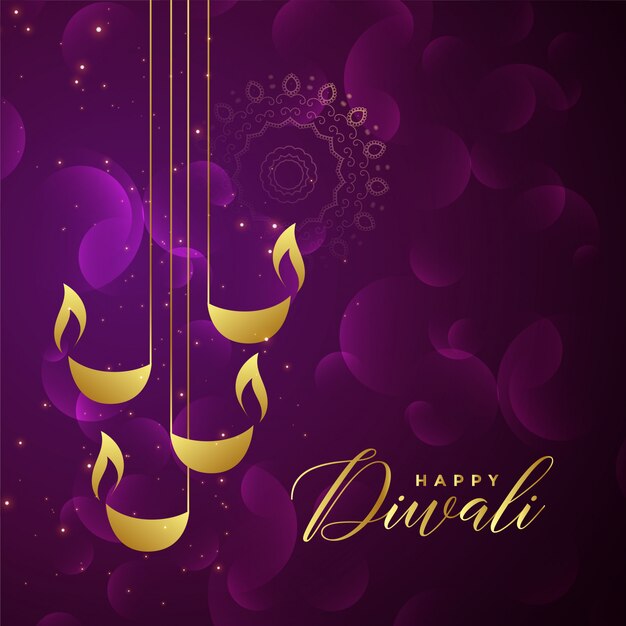 Creative golden diwali diya design on purple\
shiny background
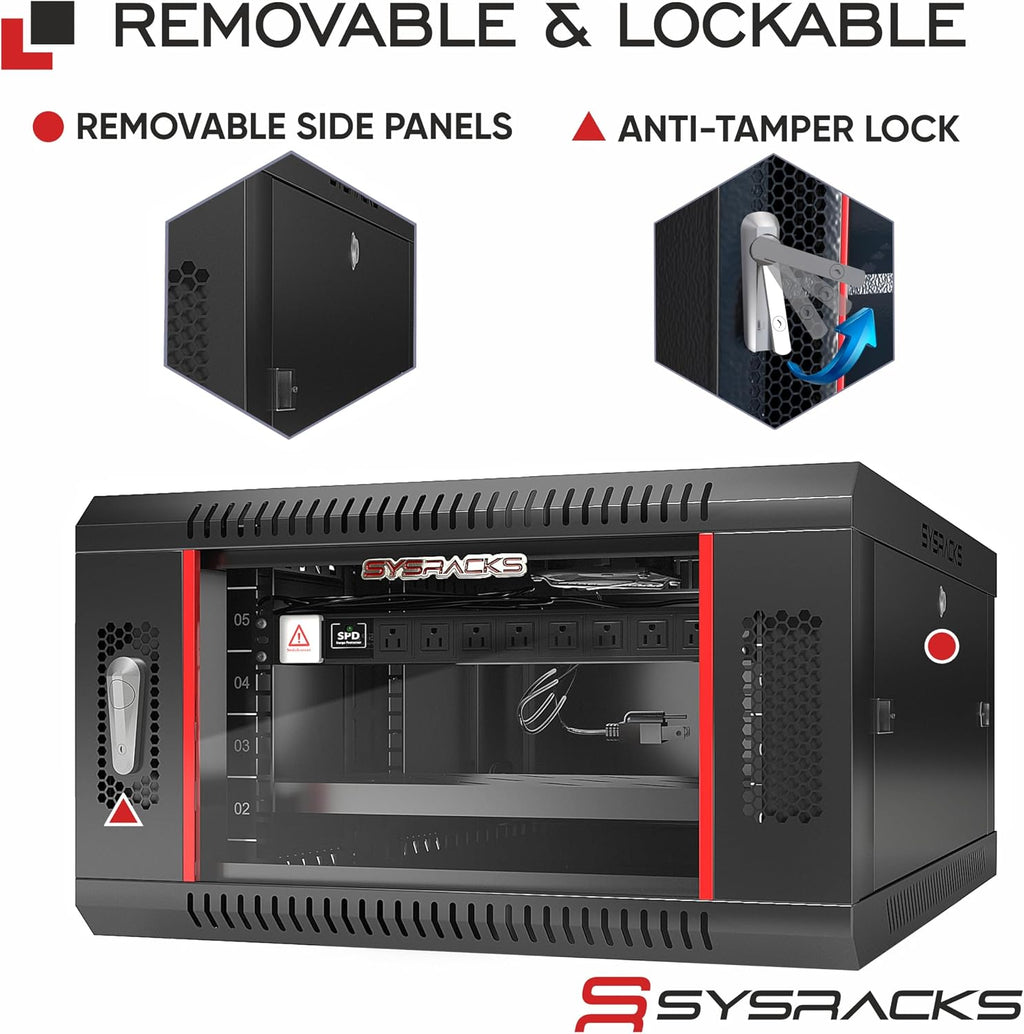 6U Wall Mount Server Rack Cabinet 24' Deep, 19' Network & AV Enclosure for Home Lab with Fan, PDU, 1 Shelf, Locking Glass Door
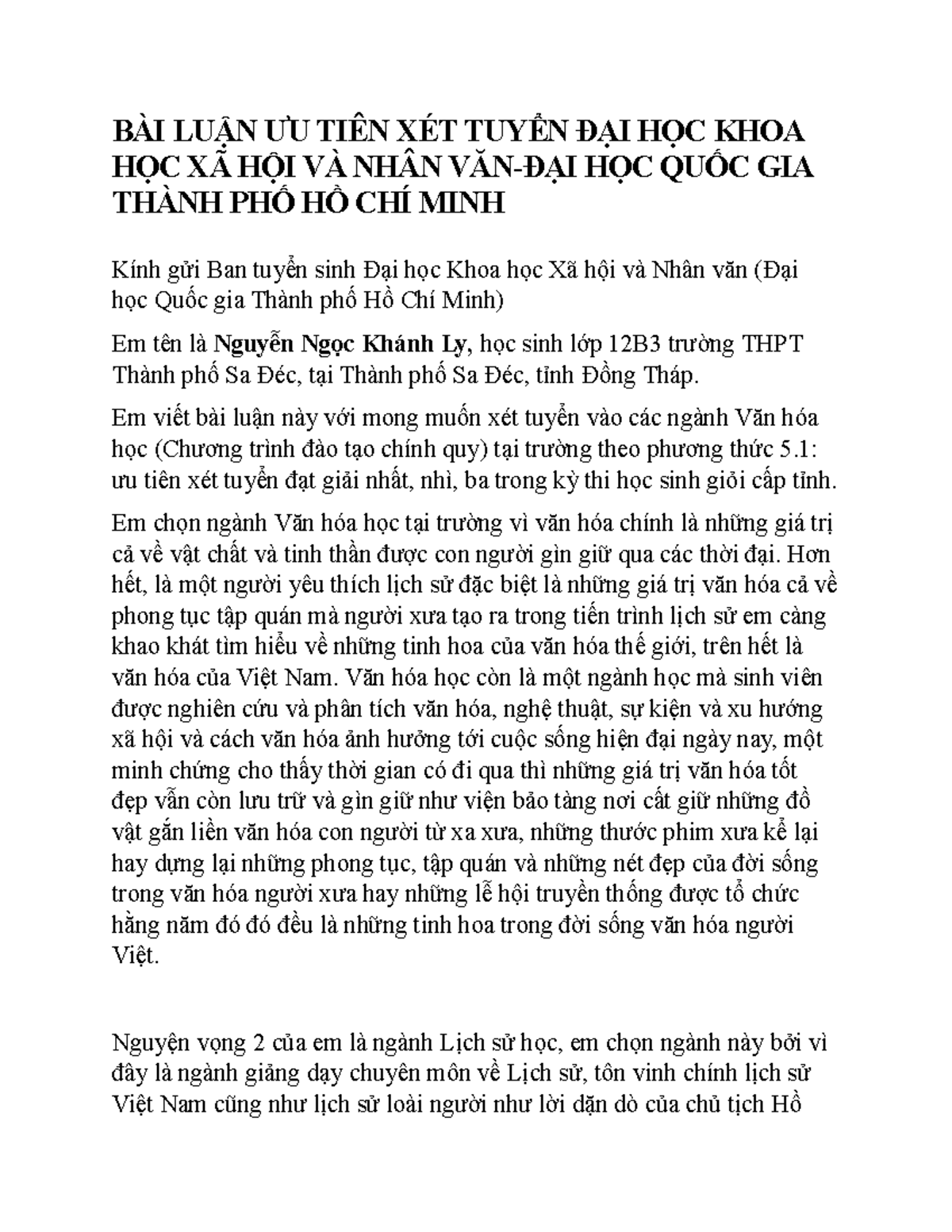 Bài Luận Xét Tuyển Đại Học Nhân Văn: Hướng dẫn viết bài luận ấn tượng Gallery 1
************
> **EXERCISE DETAILS**: Reproduce exactly, and only, the lines that begin at the one containing "shiny background" and end with the final line of the data, both included, while omitting every picture.

> **ANSWER FOR THE TASK**:
shiny background
 6U Wall Mount Server Rack Cabinet 24' Deep, 19' Network & AV Enclosure for Home Lab with Fan, PDU, 1 Shelf, Locking Glass Door
 Bài Luận Xét Tuyển Đại Học Nhân Văn: Hướng dẫn viết bài luận ấn tượng Gallery 1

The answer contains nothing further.